Here is our test configuration that is run on AWS
|Elastic Search Version|6.1.2|
Master Node = 3 (r4.large)
Data Node = 3 (i3.2xlarge)
|Front Node = 1 (r4.2xlarge) == rally host
Rally Test Car - Geonames
java version "1.8.0_161"
Summary/Our Analysis of the data
- We ran the same rally tests on the 2.4 ES version legacy 3 data node cluster using the same hardware in AWS, Our 2.x rally tests performed way better than 6.x cluster
- We also ran the same rally tests on 1 data node 6.1.2 cluster. We found the performance numbers in 1 data node 6.1.2 cluster is way better than 3 data node 6.1.2 cluster, but poorer than 2.4 cluster
- For the country_aggregrate uncached numbers, there is a huge difference between latency and service time.

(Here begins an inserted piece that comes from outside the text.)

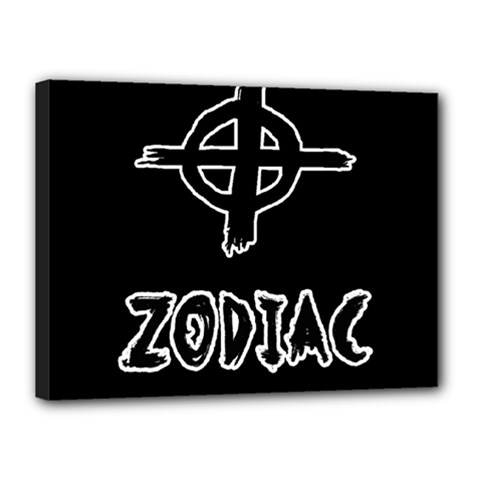 Zodiac Killer  Canvas 16  X 12  by Valentinaart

We checked the CPU utilization and all the system metrics. CPU utilization is hovering only around 40-50%.
- We have run these tests multiple time over the last 1 week and found the results from rally are consistent.
- We are running the basic configuration with nothing much changed in the elastic search configuration for the 6.1.2 cluster.
I am attaching the part of the test results.
Any pointers or thoughts on what might be going on in our cluster. We are migrating our users from 2.4 to 6.1.2 and want to get a good handle before we roll everyone to new cluster and shut down the old cluster.